After locating the line that contains "a beige and" in the material below, copy that line and each one following it, exactly, up to the last line. Pictures stay out.

Recorded information »
━━━━━━━━━━━━━━━━━━━━━━━━━━━━━━

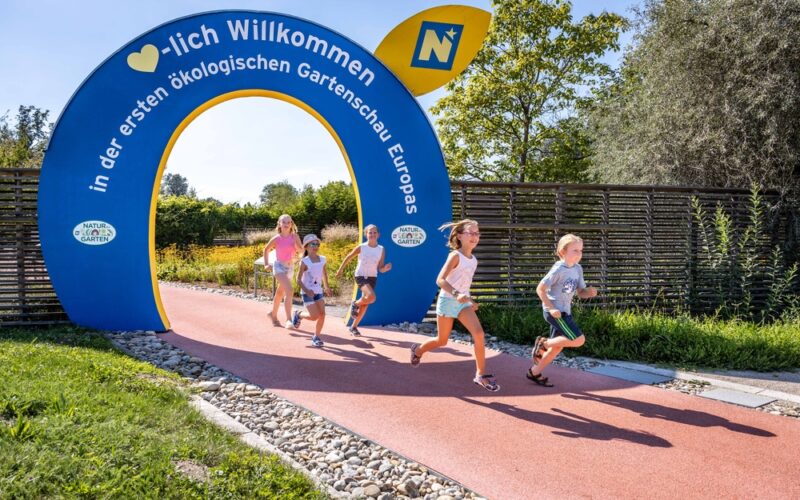 Mehrere Kinder laufen auf einem roten Weg unter einem blauen Torbogen, auf dem "Herzlich Willkommen" steht und in deutscher Sprache für eine ökologische Gartenausstellung geworben wird. Im Hintergrund sind Bäume und Zäune zu sehen.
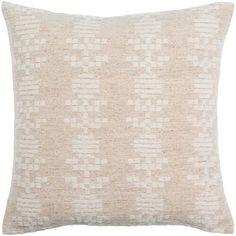 a beige and white pillow with an abstract pattern on the front, sitting on a white background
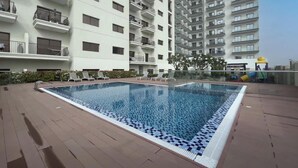 A swimming pool with a tiled edge, surrounded by a brick deck, and adjacent to a multi-story residential building with balconies. - Spacious Studio Apartment that Sleeps 4 (JVC)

━━━━━━━━━━━━━━━━━━━━━━━━━━━━━━

Exercise result »
 a beige and white pillow with an abstract pattern on the front, sitting on a white background
 A swimming pool with a tiled edge, surrounded by a brick deck, and adjacent to a multi-story residential building with balconies. - Spacious Studio Apartment that Sleeps 4 (JVC)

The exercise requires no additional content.